### The data
[Start of Attachment]
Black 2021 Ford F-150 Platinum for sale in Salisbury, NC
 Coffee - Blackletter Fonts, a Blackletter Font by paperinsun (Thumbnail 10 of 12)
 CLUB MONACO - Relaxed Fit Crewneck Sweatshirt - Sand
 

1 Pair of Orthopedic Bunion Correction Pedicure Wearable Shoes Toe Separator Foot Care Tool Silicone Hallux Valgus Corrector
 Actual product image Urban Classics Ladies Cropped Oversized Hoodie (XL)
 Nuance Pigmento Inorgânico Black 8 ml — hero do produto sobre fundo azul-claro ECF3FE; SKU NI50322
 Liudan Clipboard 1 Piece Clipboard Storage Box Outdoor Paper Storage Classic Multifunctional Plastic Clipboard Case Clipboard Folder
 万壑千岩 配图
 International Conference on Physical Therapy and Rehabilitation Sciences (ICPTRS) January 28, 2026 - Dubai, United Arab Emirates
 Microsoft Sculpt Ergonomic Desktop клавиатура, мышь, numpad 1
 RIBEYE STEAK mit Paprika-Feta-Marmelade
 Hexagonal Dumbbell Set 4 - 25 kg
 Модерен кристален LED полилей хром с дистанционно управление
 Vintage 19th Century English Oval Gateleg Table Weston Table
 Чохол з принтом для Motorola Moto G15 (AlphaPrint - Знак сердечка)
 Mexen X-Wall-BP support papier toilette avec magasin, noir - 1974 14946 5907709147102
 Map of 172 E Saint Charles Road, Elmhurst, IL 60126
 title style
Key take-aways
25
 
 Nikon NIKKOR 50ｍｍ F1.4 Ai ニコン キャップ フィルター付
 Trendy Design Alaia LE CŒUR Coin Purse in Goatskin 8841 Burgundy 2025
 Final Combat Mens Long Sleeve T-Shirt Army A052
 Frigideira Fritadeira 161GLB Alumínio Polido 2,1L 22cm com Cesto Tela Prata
[End of Attachment]
### To do
Among the entries above, the lines between the ones containing "1 Pair of Orthopedic" and "Actual product image", inclusive, are to be transcribed exactly. No other line is to be given.

### Solution to this exercise
1 Pair of Orthopedic Bunion Correction Pedicure Wearable Shoes Toe Separator Foot Care Tool Silicone Hallux Valgus Corrector
 Actual product image Urban Classics Ladies Cropped Oversized Hoodie (XL)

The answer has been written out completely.